Riteniamo importante analizzare questi moti all'interno del progetto per acquisire una certa consapevolezza di quale sia stato il carattere ed il comportamento degli abitanti del Mugello, nel passato, quando essi venivano a contatto con popoli, culture, tradizioni diverse, e per capire quanto questo carattere sia ancora radicato o quanto influenzi gli animi della popolazione a distanza di ormai due secoli.

 

 

 

La critica verso le aspiranti spinte liberali (prima quella Leopoldina e poi quella francese) e verso quelle che vennero considerate come pretese di rifondare il Mugello eliminandone le tradizioni storiche fu la causa (ma si vedrà come il motore di fondo fosse  in realtà anche la strisciante crisi alimentare che aveva provocato l'aumento dei prezzi in tutta Europa) di un lungo malcontento popolare che sfociò in una vera e propria insurrezione.

Nel venticinquennio del regno di Pietro Leopoldo (1765-1790) si attuò un’importante riforma in senso progressista. Da un punto di vista economico il Granduca realizzò  il passaggio di capitali dalle città alle campagne dove l’agricoltura era più redditizia in conseguenza al boom demografico che si era verificato negli anni del suo governo; adottò una struttura protezionista attuando il divieto d’importazioni dei manufatti esteri e dell’esportazioni delle materie prime. Da un punto di vista agricolo invece, sbloccò il mercato e volse la sua direttiva politica verso la creazione di un gruppo di contadini agiati, per favorire lo sviluppo di un’agricoltura specializzata e competitiva sul mercato internazionale. Ma questa politica funzionò in parte perchè, in questo contesto, il ceto contadino aveva definitivamente perduto le garanzie dei vecchi contratti feudali e quindi un importante sostegno statale che li proteggesse.

 

Allo stesso modo, i moti antifrancesi del 1799 in Toscana furono espressione di un malcontento popolare diretto contro il tentativo di interrompere le consuetudini paternalistiche tipiche dell’economia mezzadrile tradizionale, e per questo motivo vengono considerati come diretti “successori” dei moti anti-Leopodo, e secondo alcune interpretazioni anche come loro diretta conseguenza, o “continuazione” dato il carattere estremamente simile che essi possedevano. L’occupazione francese comportò infatti la soppressione dei privilegi feudali e i titoli nobiliari, incamerò i beni della Chiesa, proclamò l’uguaglianza dei cittadini di fronte alla legge e la parità dei culti, tutti principi però contraddetti sovente dagli stessi francesi con i frequenti furti delle più importanti opere d’arte della zona. Dietro quindi alla proclamazione dei diritti dell’uomo che i francesi avevano conquistato con la grande Rivoluzione del 1789, quali l’uguaglianza e la libertà, si nascondeva una serie di interventi autoritari volti a favorire i voleri del Direttorio di Parigi, e un sistematico sfruttamento finanziario per il mantenimento delle truppe. Tra tanti problemi quest’ultimo è uno tra i più pressanti: come ci testimonia infatti il Vicario di Scarperia in un suo messaggio al Podestà di Borgo, occorrevano per l’arrivo di nuovi Francesi “tutto quel fieno e vena non escluso l’orzo che voi potete trovare e[…]centocinquanta razioni di pane ugualmente sul momento”.

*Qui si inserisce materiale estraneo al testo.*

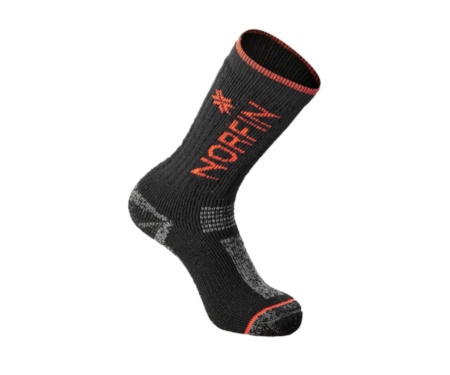 Шкарпетки Norfin T4A Arctic Merino Crew Red/ Gray/ Black L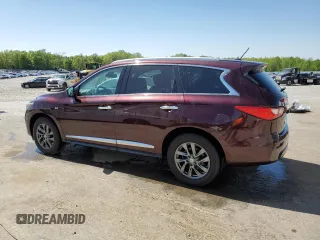 2015 Infiniti QX60 with VIN 5N1AL0MNXFC543215, listed as a Copart auction lot 52249185 with 76,482 mi miles and Salvage Title. Bid and sale history available at carsss.com. Image 2.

In Toscana così si aggravarono le condizioni di disagio, non compensate da una politica sociale volta alla distribuzione della ricchezza tra i vari ceti, come già si era visto con Leopoldo, ma da una politica determinata soprattutto dall’azione liberista dei patrioti filo-francesi.

Secondo Turi* questo malcontento fu indirizzato in senso antirepubblicano dal clero locale, chiaramente orientato verso l’aspetto reazionario-conservatore.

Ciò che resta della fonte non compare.